/ docs / storage-analysis.md
storage-analysis.md
  1  # Data Storage Analysis & Projections
  2  
  3  ## Current Data Volumes (Your System)
  4  
  5  Based on one day of active use (2026-01-13):
  6  
  7  | Data Type | Size | Count | Avg Item Size |
  8  |-----------|------|-------|---------------|
  9  | Graph atoms | 2.4 MB | 1,629 | ~1.5 KB |
 10  | Graph edges | 652 KB | 3,370 | ~200 bytes |
 11  | Monologue transcripts | 784 KB | ~10 files | ~78 KB/day |
 12  | Pipeline data | 160 KB | varies | varies |
 13  | **Daily Total (text)** | **~4 MB** | | |
 14  
 15  ## Projection: One Heavy User
 16  
 17  Assuming 8 hours/day active work:
 18  - ~2,000 atoms/day (conversations, sessions)
 19  - ~4,000 edges/day
 20  - ~100 KB transcripts/day
 21  
 22  **Monthly (22 work days):**
 23  - ~44,000 atoms (~66 MB)
 24  - ~88,000 edges (~18 MB)
 25  - ~2.2 MB transcripts
 26  - **Total: ~90 MB/month text**
 27  
 28  **Yearly:**
 29  - ~1.1 GB text data
 30  - Very manageable
 31  
 32  ## Adding Visual/Video Capture
 33  
 34  This is where storage explodes:
 35  
 36  ### Photos
 37  | Scenario | Size/Photo | Photos/Day | Daily MB |
 38  |----------|------------|------------|----------|
 39  | Quick snaps | 2 MB | 10 | 20 MB |
 40  | Documentation | 3 MB | 30 | 90 MB |
 41  | Heavy capture | 3 MB | 100 | 300 MB |
 42  
 43  **With thumbnails only stored** (300 KB):
 44  - Heavy capture: ~30 MB/day
 45  
 46  ### Video
 47  | Length | Quality | Size | Processed Output |
 48  |--------|---------|------|------------------|
 49  | 1 min | 1080p | ~100 MB | ~5 MB (keyframes + transcript) |
 50  | 5 min | 1080p | ~500 MB | ~15 MB |
 51  | 30 min | 1080p | ~3 GB | ~50 MB |
 52  
 53  **Technician scenario:**
 54  - 5 x 5-minute videos/day = 2.5 GB raw
 55  - Processed output: ~75 MB/day
 56  - Keep raw for 30 days, then archive/delete
 57  
 58  ## Company-Wide Projections
 59  
 60  ### Scenario: 20 Technicians
 61  Each technician:
 62  - Text data: ~100 MB/month
 63  - Photos: ~2 GB/month (thumbnails only)

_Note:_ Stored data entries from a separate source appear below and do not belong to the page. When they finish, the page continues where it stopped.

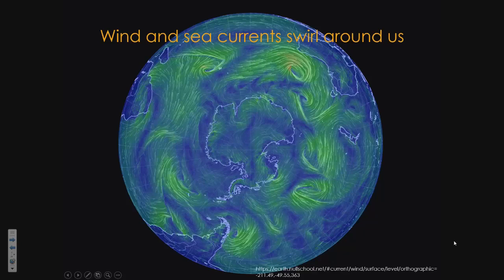I just came across this fantastic website a couple of days ago. You can rotate this globe anywhere around the world and it's got current wind and sea currents playing in front of your very eyes. It gives an extraordinary vision of how weather goes around the world and you can also see how weather patterns evolve and change. If you want to really waste a few hours, just stare at it for a while.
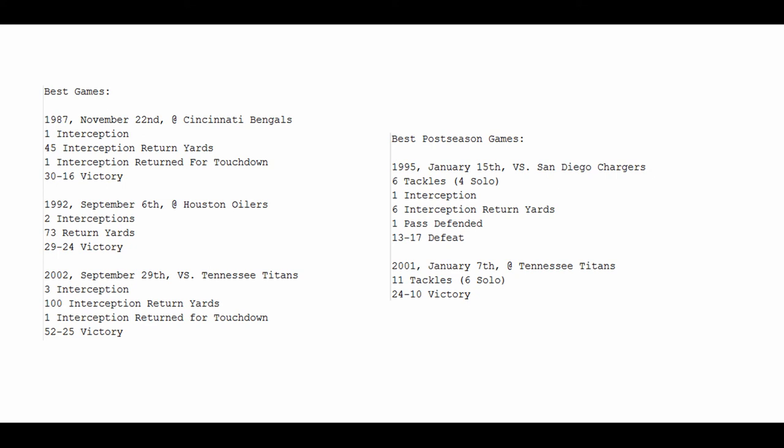Finally, Rod Woodson's best career games. We'll start with his rookie season, 1987, November 22nd, at the Cincinnati Bengals, division rival. His first career pick 6 comes on an interception, returned 45 yards in a 30-16 victory. 1992, half a decade into the future, September 6th at the Houston Oilers, he has 2 interceptions, returns them for a total of 73 yards in a 29-24 victory.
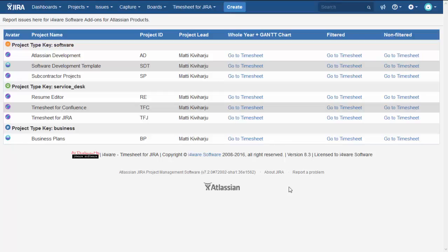Here is a timesheet for Zira 8.3, and I am going to introduce this version's new features.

 64  - Video: ~1.5 GB/month (processed only)
 65  - **Per tech: ~3.6 GB/month**
 66  
 67  **Company total:**
 68  - ~72 GB/month
 69  - ~864 GB/year
 70  - **Storage cost: ~$15/month** (cloud) or **~$50 one-time** (2TB drive)
 71  
 72  ### Scenario: 50 Technicians + 10 Office Staff
 73  
 74  | Role | Count | Data/Month | Total |
 75  |------|-------|------------|-------|
 76  | Technicians | 50 | 3.6 GB | 180 GB |
 77  | Office (light) | 10 | 500 MB | 5 GB |
 78  | **Monthly** | | | **185 GB** |
 79  | **Yearly** | | | **2.2 TB** |
 80  
 81  **Storage costs:**
 82  - AWS S3: ~$45/month
 83  - Wasabi: ~$13/month
 84  - Local NAS: ~$200 one-time for 4TB
 85  
 86  ## Storage Optimization Strategies
 87  
 88  ### 1. Tiered Retention
 89  ```
 90  Hot (< 7 days):   Full resolution, instant access
 91  Warm (7-30 days): Compressed, fast access
 92  Cold (> 30 days): Archived, slow access
 93  Delete (> 1 yr):  Auto-purge with summary retained
 94  ```
 95  
 96  ### 2. Store Processed, Not Raw
 97  | Keep | Discard After Processing |
 98  |------|-------------------------|
 99  | Transcripts | Raw audio |
100  | Keyframes + thumbnails | Full video |
101  | OCR text | High-res images |
102  | Graph atoms | Duplicate content |
103  
104  ### 3. Deduplication
105  - Similar photos: Keep best, link others
106  - Repeated phrases: Store once, reference many
107  - Common patterns: Template + diff
108  
109  ### 4. Compression Estimates
110  | Data Type | Raw | Compressed | Ratio |
111  |-----------|-----|------------|-------|
112  | JSON (atoms) | 2.4 MB | 400 KB | 6:1 |
113  | Images | 3 MB | 300 KB (thumb) | 10:1 |
114  | Video | 500 MB | 50 MB (processed) | 10:1 |
115  
116  ## Graph-Specific Considerations
117  
118  ### Why Graph Data Stays Small
119  - Text only (no blobs)
120  - Structural (edges are tiny)
121  - Incremental (diffs, not snapshots)
122  
123  ### Edge Explosion Warning
124  With N atoms, worst case O(N²) edges. Mitigations:
125  - Only store strong edges (> threshold)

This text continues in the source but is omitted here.